To process data in real time, the data must originate from a real-time source. Real-time sources include JMS, WebSphere MQ, TIBCO, webMethods, MSMQ, SAP, web services, and PowerExchange. You might want to use real-time processing for processes that require immediate access to dynamic data, such as financial data.
To understand real-time processing with PowerCenter, you need to be familiar with the following concepts:
  • Real-time data
    . Real-time data includes messages and messages queues, web services messages, and changes from a PowerExchange change data capture source. Real-time data originates from a real-time source.
  • Real-time sessions
    . A real-time session is a session that processes real-time source data. A session is real-time if the Integration Service generates a real-time flush based on the flush latency configuration and all transformations propagate the flush to the targets.
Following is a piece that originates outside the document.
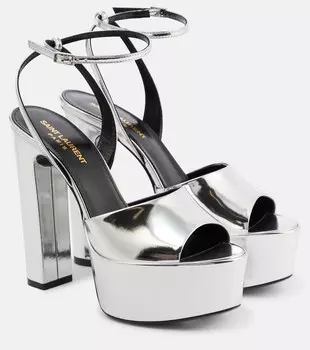 Сандалии Jodie 135 из лакированной кожи на платформе Saint Laurent, металлик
Latency is the period of time from when source data changes on a source to when a session writes the data to a target.
  • Real-time properties
    . Real-time properties determine when the Integration Service processes the data and commits the data to the target.
    • Terminating conditions
      . Terminating conditions determine when the Integration Service stops reading data from the source and ends the session if you do not want the session to run continuously.
    • Flush latency
      . Flush latency determines how often the Integration Service flushes real-time data from the source.
    • Commit type
      . The commit type determines when the Integration Service commits real-time data to the target.
  • Message recovery
    . If the real-time session fails, you can recover messages. When you enable message recovery for a real-time session, the Integration Service stores source messages or message IDs in a recovery file or table. If the session fails, you can run the session in recovery mode to recover messages the Integration Service could not process.